On 17 October, during the Week 4's nominations, Galisteu publicly clarified that Cezar Black had not assaulted Jenny Miranda at the party that week. On the day of the event, the contestant had a disagreement with Kally at the entrance to the main House and ended up having to be separated by her colleagues. During this time, WL Guimarães grabbed Jenny's arm, which the contestant believed to have been Black. With that, she accused the nurse of assault and went to the closet to ask for an analysis of the images of the moment. There was no statement from the production team at the time.

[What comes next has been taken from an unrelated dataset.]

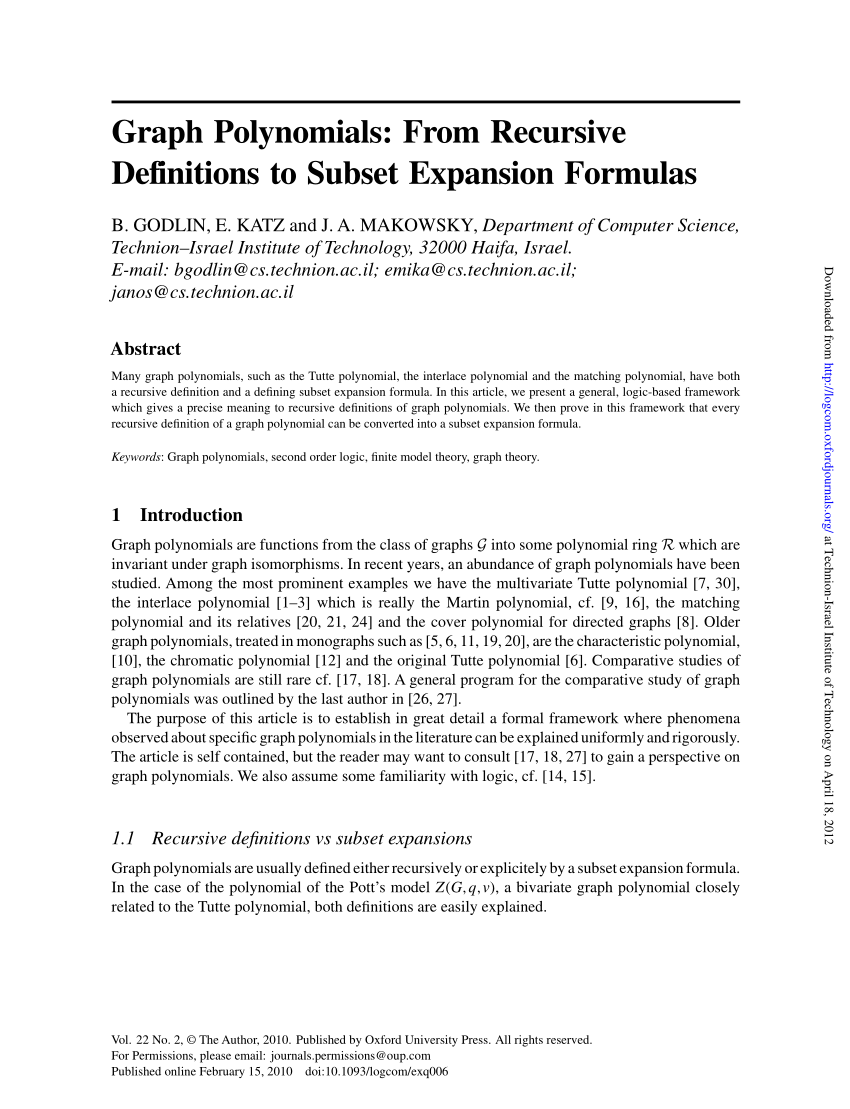 Pdf Graph Polynomials From Recursive Definitions To Subset Expansion Formulas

On 24 October, during the Week 5's nominations, Galisteu put an end to Kamila Simioni and Lily Nobre's story about Jaquelline Grohalski having had the desire to kiss Tonzão Chagas, supposedly referred to by her as Ton, at the party that week. In addition to the edition having recapitulated the moment, in which Jaquelline says "another man", the host denied the story live to avoid worsening the accusations, since Tonzão is engaged.

==Contestants==
The celebrities were officially revealed by RecordTV on 14 September 2023.

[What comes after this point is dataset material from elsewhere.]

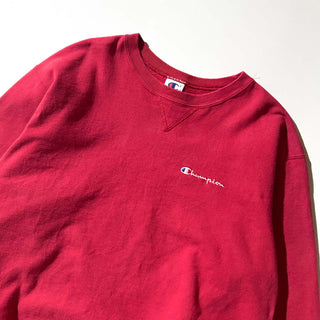 90's "made in USA" champion レッド ワンポイント スウェット シャツ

| Contestant | Age | Background | Hometown | Entered | Exited | Status | Finish |
| Nathalia Valente | 20 | Digital influencer | São Paulo | Day 1 | Day 12 | Eliminated 1st on 28 September 2023 | 22nd |
| Laranjinha | 35 | Actor | Rio de Janeiro | Day 1 | Day 19 | Eliminated 2nd on 5 October 2023 | 21st |
| Cariúcha | 32 | Singer | Nova Iguaçu | Day 1 | Day 26 | Eliminated 3rd on 12 October 2023 | 20th |
| Rachel Sheherazade | 50 | Journalist | João Pessoa | Day 1 | Day 33 | Ejected on 19 October 2023 | 19th |
| Kamila Simioni | 37 | Businesswoman | Belo Horizonte | Day 1 | Day 40 | Eliminated 4th on 26 October 2023 | 18th |
| Jenny Miranda | 34 | Digital influencer | São Paulo | Day 1 | Day 47 | Eliminated 5th on 2 November 2023 | 17th |
| Henrique Martins | 31 | Olympic swimmer | Campinas | Day 1 | Day 54 | Eliminated 6th on 9 November 2023 | 16th |
| Sander Mecca | 40 | Singer | São Paulo | Day 1 | Day 61 | Eliminated 7th on 16 November 2023 | 15th |
| Lucas Souza | 23 | Digital influencer | Passos | Day 1 | Day 67 | Walked on 22 November 2023 | 14th |
| Alicia X | 23 | Actress & singer | Taboão da Serra | Day 5 | Day 68 | Eliminated 8th on 23 November 2023 | 13th |
| Kally Fonseca | 30 | Singer | Natal | Day 1 | Day 75 | Eliminated 9th on 30 November 2023 | 12th |
| Yuri Meirelles | 22 | Model | Rio de Janeiro | Day 1 | Day 82 | Eliminated 10th on 7 December 2023 | 11th |
| Radamés Furlan | 37 | Football player | Rio de Janeiro | Day 1 | Day 89 | Eliminated 11th on 14 December 2023 | 10th/9th |
| Cezar Black | 35 | Nurse & digital influencer | Salvador | Day 5 | Day 89 | Eliminated 12th on 14 December 2023 |
| Shayan Haghbin A Fazenda 14 | 32 | Digital influencer | Tehran, Iran | Day 5 | Day 91 | Eliminated 13th on 16 December 2023 | 8th/7th |
| Nadja Pessoa A Fazenda 10 | 35 | Businesswoman | Recife | Day 5 | Day 91 | Eliminated 14th on 16 December 2023 |
| Lily Nobre | 21 | Singer | Rio de Janeiro | Day 1 | Day 94 | Eliminated 15th on 19 December 2023 | 6th/5th |
| Tonzão Chagas | 35 | Singer | Rio de Janeiro | Day 1 | Day 94 | Eliminated 16th on 19 December 2023 |
| WL Guimarães | 24 | Digital influencer | Duque de Caxias | Day 1 | Day 96 | Fourth place on 21 December 2023 | 4th |
| Márcia Fu | 54 | Former volleyball player | Juiz de Fora | Day 1 | Day 96 | Third place on 21 December 2023 | 3rd |
| André Gonçalves | 47 | Actor | Rio de Janeiro | Day 1 | Day 96 | Runner-up on 21 December 2023 | 2nd |
| Jaquelline Grohalski | 29 | Model | Rolim de Moura | Day 1 | Day 96 | Winner on 21 December 2023 | 1st |

==Future Appearances==
In 2025, Radamés Furlan appeared with his wife Carol Furlan in Power Couple Brasil 7, they finished as winners from the competition.

==The game==
===The Warehouse===
This season, 10 celebrities (7 former reality show contestants and 3 digital influencers from Kwai, one of the sponsors from this season) enter the Warehouse to compete in a public vote for the final 4 spots (2 men and 2 women) in the Farm, bringing the total number of contestants up to 22.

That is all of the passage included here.